I would like my logistic regression model to start at the same point as a predictor variable.

Data:

df <- tibble(
  x = c(0:20, 0:20), 
  y = c(log(10:30 + 2), log(10:30 + 10)),
  init = c(rep(log(10 + 2), 21), rep(log(10 + 10), 21)),
  group = c(rep('A', 21), rep('B', 21))
)

Model:

lm_fit <- lm(y ~ log(x + 1) + init, data = df)
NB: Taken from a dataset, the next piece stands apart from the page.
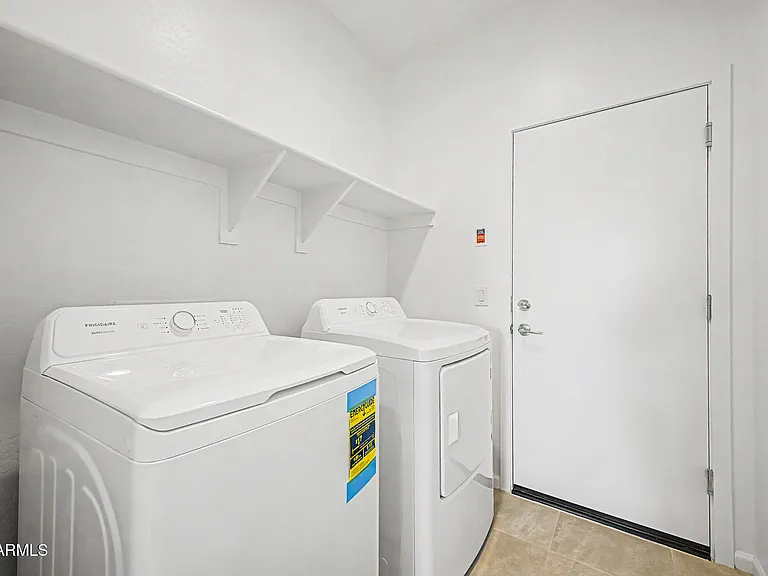 18732 W Maplewood Dr — Photo 23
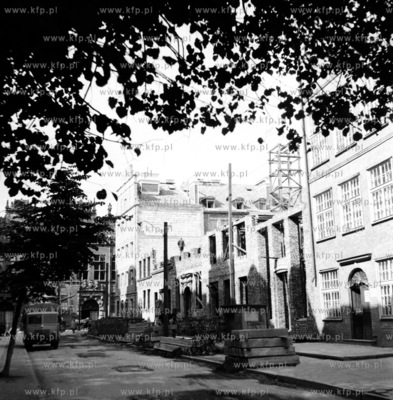 Odbudowa kamieniczek na ul. Piwnej w Gdansku. 1959...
Example of model fitted to data:

newdata <- df %>%
  filter(group == 'A') %>%
  mutate(pred_y = predict(lm_fit, newdata = newdata, type = 'response')) %>%
  pivot_longer(c(y, pred_y), names_to = 'pred_type', values_to = 'value')
    ggplot(aes(x, value, colour = pred_type)) +
    geom_point() +
    geom_line()

How can I change my model so the red line (model) starts at the same value as the blue line (data)? i.e. when x=0, pred_y = y.

enter image description here


Solution

  • Using your init variable, you have to treat it as an offset (its coefficient will be 1) and disable the intercept (-1 in model formula).

    lm_fit <- lm(y ~ log(x + 1) + offset(init) - 1, data = df)
    

    plot

    After changing the model formula to log(y) ~ log(x + 1) a possible approach is to transform the y variable and use its new value in x = 0 for the offset (init) variable (I would actually recommend to always derive the offset from the y variable and not compute it independently). This way only the data is modified and the rest will remain the same.

    df <- df %>% 
      group_by(group) %>%
      mutate(y = log(y),
             init = y[x==0])
    

    plot